マイナーチームが感動動画を公開! 31歳右腕投手のメジャー復帰をすべての選手が祝福する理由
【ナショナルズ傘下2Aチームが動画を公開】
ナショナルズ傘下の2A、ハリスバーグ・セネターズが3日、ツイッター上に動画を公開した。
まずは公開された動画をチェックして欲しい。
選手たちの前で話をしているのは、同チームのマシュー・ルクロイ監督だ。そして彼の隣にいる選手に話しかけるように、ある重大発表をしようとしている。内容は以下の通りだ。

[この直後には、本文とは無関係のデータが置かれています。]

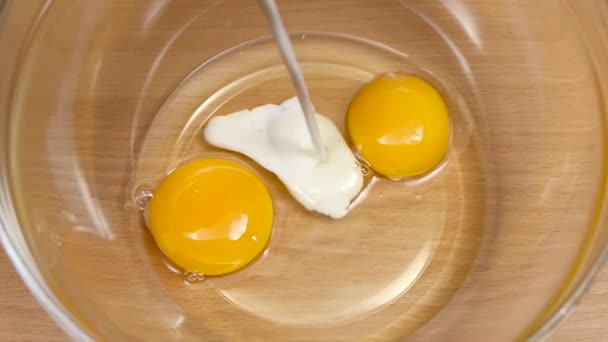 Melk wordt gegoten in de plaat met eieren in slow motion — Stockvideo
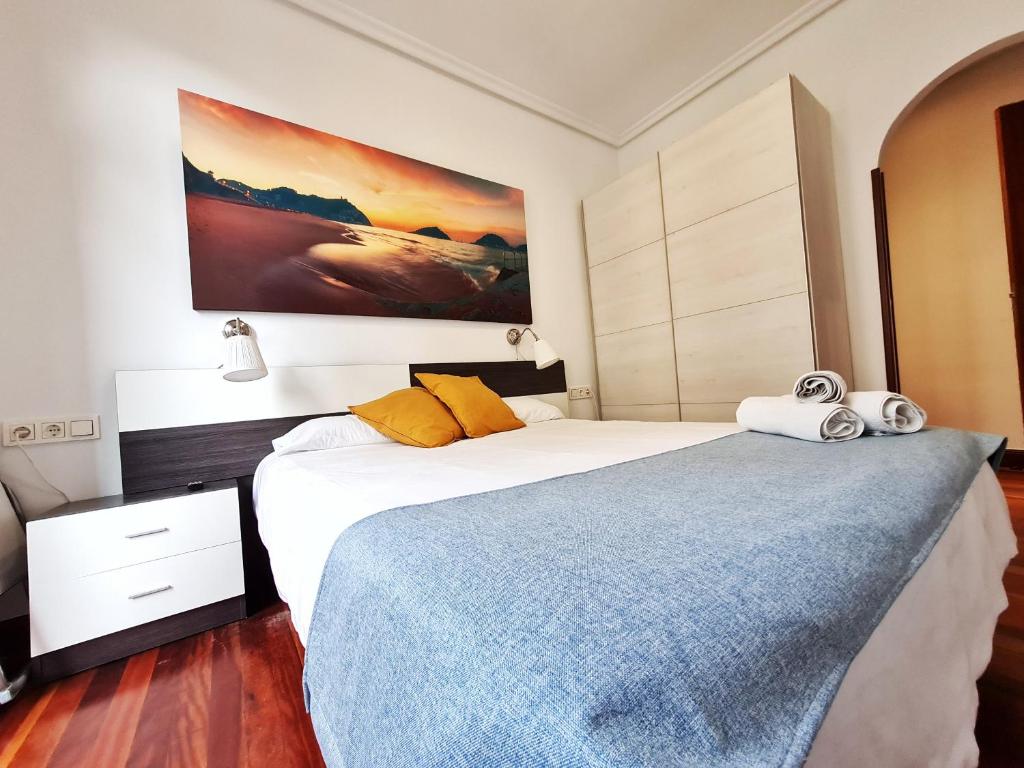 1 dormitorio con 2 camas y un cuadro en la pared en Pension Yoldi, en San Sebastián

「今日我々のチームにいる勝者を確認したい。君は常に私にインスピレーションを与えてくれた。コーチ、選手に対しても同様だ。(ここで声を詰まらせる)君の監督になれたことを誇りに思う。それ以上に誇りに思うのは、君がビッグリーグ(MLBのこと)に戻ることだ(といいながらボールを手渡す)」
発表を聞いた選手は歓声を挙げながら、メジャー昇格が決まった選手の元に集まる。そして「おめでとう、アーロン!グッドラック」の字幕が流れ、動画は終了する。
【超異例なメジャー昇格発表】
メジャー昇格を決めた選手の名は、アーロン・バレット投手。20代ばかりが揃う投手陣の中にあって唯一の30代。しかもメジャー昇格の条件である40人枠にも入っていない右腕投手だ。

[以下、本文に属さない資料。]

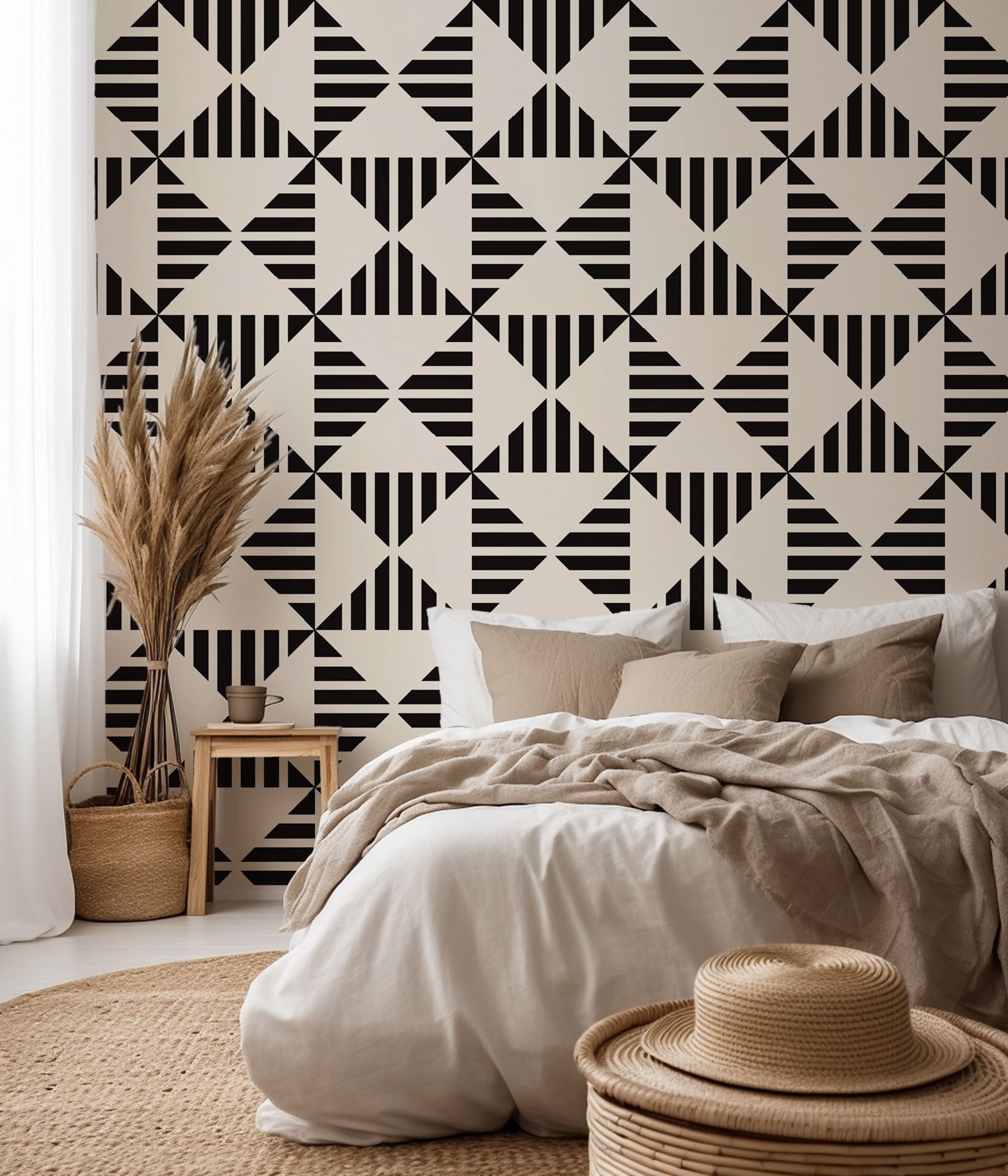 Ticking Wings peel and stick wallpaper featuring a black and white geometric triangle stripe pattern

チームから昇格や降格を告げられる際は、大抵の場合監督室に呼ばれて個別に行われるものだ。こうして他の選手の前で発表されるのはかなり異例といっていい。しかもナショナルズ自体も、3日の時点でバレット投手のメジャー昇格を発表していないのだ。
にもかかわらず、こうして2Aチームの方から早めに発表ししているのは、バレット投手が他の選手たちからメジャー昇格を祝福されるに相応しい存在であり、その昇格を世の人々にも知って欲しかったからに他ならない。
【プロ入り5年目で開幕メジャー入りを決めた逸材】
バレット投手は、アマチュア時代から注目される逸材だった。2006年の高校卒業時にドジャースから44巡目でドラフト指名を受けたものの、大学進学を選択。さらに大学在学中も2008年にツインズから20巡目、2009年にレンジャーズから27巡目指名を受けた後、大学卒業時の2010年にナショナルズから9巡目指名を受け、ようやくプロの世界に足を踏み入れた。

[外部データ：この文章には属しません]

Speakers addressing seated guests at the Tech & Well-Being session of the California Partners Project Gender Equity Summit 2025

プロ入り後は順調にマイナーのレベルを上げていき、プロ入り4年目で現在所属していた2Aまで到達し、5年目の2014年に開幕メジャー入りを果たしている。
その年は50試合に登板し、3勝0敗、防御率2.66を残し、貴重な中継ぎ投手として活躍。翌2015年も40試合に登板し、3勝3敗、防御率4.50を記録していたが、シーズン途中で右ひじ内側側副靱帯に損傷が見つかり、9月にトミージョン手術を受けることになった。
【4年間の過酷なリハビリ生活】
すでにMLBでは、トミージョン手術は復帰率が高い手術だと認識されており、バレット投手も順調にいけば2016年のシーズン終盤か、遅くとも2017年の開幕には復帰できるはずだった。
しかしリハビリを続けていた2016年7月、今度は右ひじに骨折箇所がみつかり、再び右ひじにメスをいれることになってしまったのだ。
復帰の見通しがつかなくなり40人枠からも外されたバレット投手は、2017年にナショナルズとマイナー契約を結び直し、とにかく復帰だけを目指してリハビリ生活に明け暮れた。まさにゼロからのスタートだった。
ようやく実戦復帰できたのは、翌2018年のことだった。しかも復帰場所は、プロ入り間もない若手選手ばかりが集まる短期シーズンの1Aだった。リハビリ登板ならいざ知らず、メジャー経験者が所属するようなレベルではなかった。
そうした屈辱を跳ね返し、今シーズンは2Aに復帰し、シーズンを通してクローザーとして活躍。50試合に登板し、0勝2敗31セーブ、防御率2.75と、堂々の成績を残せるまでに復活していたのだ。
【ここからが本当のサバイバルレース】
今回のメジャー昇格で、ようやく40人枠にも復帰することになる。だが今回の昇格は、あくまで9月1日以降のロースター枠拡大に伴う優遇措置でしかない。本当の意味でメジャーに復帰できた訳ではない。
現在熾烈なワイルドカード争いを続けるナショナルズは、毎試合負けられない戦いを続けている。もちろんバレット投手に試験登板を与えられる余裕はないだろう。いずれにせよ与えられた登板機会は、常に結果が求められる状況に変わりはない。
このまま40人枠に残れるか、それともシーズン後に再び外されるかは、すべて残り1ヶ月間でのバレット投手の投球にかかっている。
セネターズ同様に、バレット投手の幸運を祈りたい。